Another development that gives me confidence is the expansion of the UK’s market for robots as a service (RaaS) into construction, led by machines facilitating demolition and setting out as well as tricky installation tasks associated with cladding and services builder’s work. De-risked investment, maximised utilisation and targeted user support will play a key role in accelerating the deployment of tools like the Hilti Jaibot, used for precise drilling of holes for fixings, which have been available for a number of years.
Innovation is not limited to work on site of course. Agentic AI is another digital evolution that has tremendous potential to simplify or automate many repeat activities and processes on projects. Agentic AI is designed to work out and plan multi-step activities to meet a goal without human input. Critically, agentic AI uses resources such as the live web or a project database to do its work and is not limited to the training data that large language models rely upon.
Increasingly, digital technologies are evolving to a point where they are deployable in the complex, ambiguous world of construction
Configuring agentic AI can be complex, requiring the setting up of API data sources and sets of instructions, but it is increasingly built into industry-standard tools including Autodesk, Oracle and Procore.
Too often construction feels resistant to innovation.
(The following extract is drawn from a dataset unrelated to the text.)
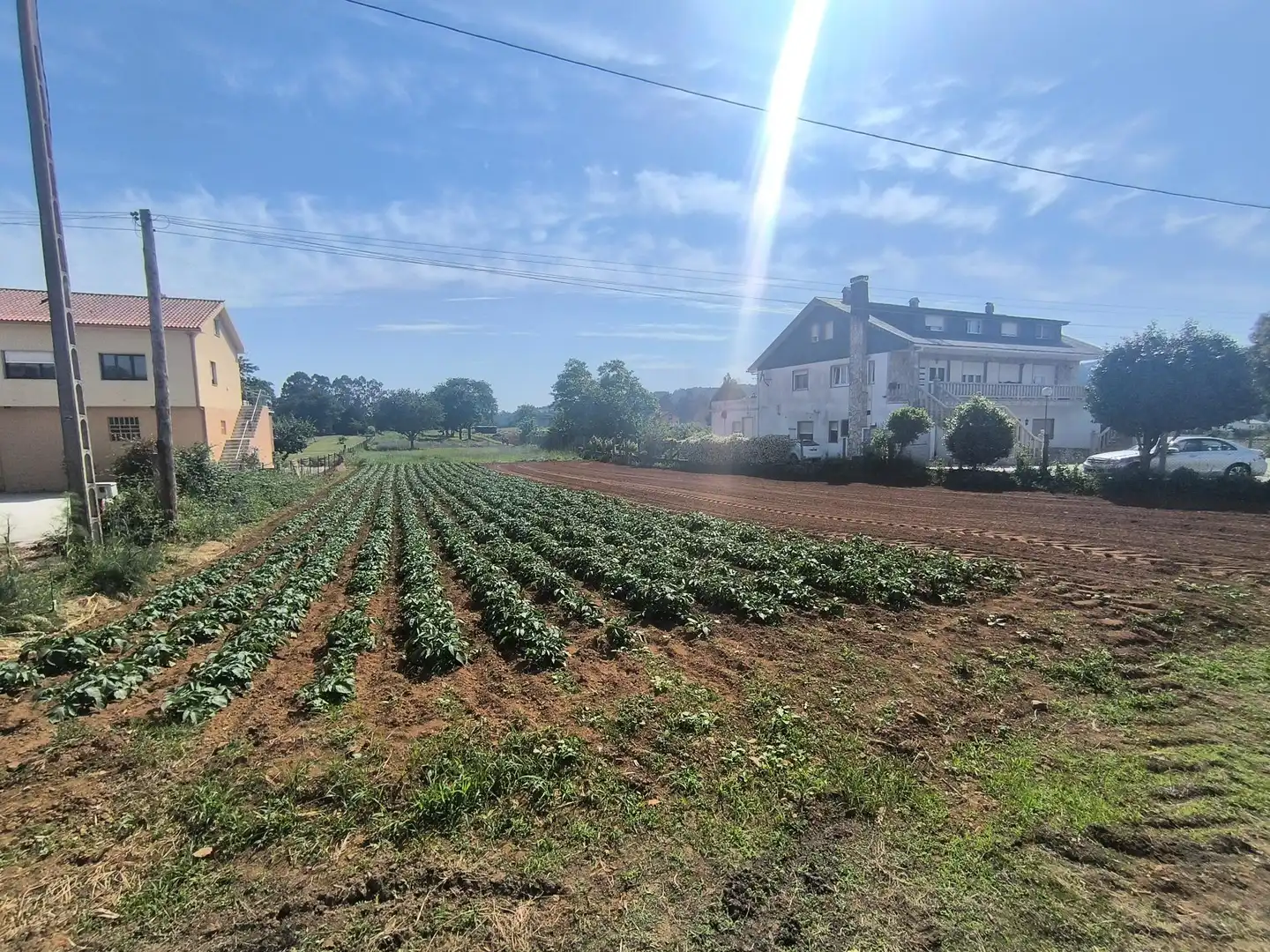 Terreni e lotti in vendita a Travesía SISTO, imagen 2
Unfortunately, the complexity of projects and our lack of standardisation is a source of cost as well as a barrier to innovation. We need to change in order to add more value.
There is no panacea for our cost, value and productivity challenges but, increasingly, digital technologies are evolving to a point where they are deployable in the complex, ambiguous world of construction.
The fix in 2026 is to recognise that construction is not different and that it can benefit from the productivity gains that other sectors have secured for decades. By reducing cost and by freeing up scarce human resource, we can solve the skills shortage as well as the affordability challenge.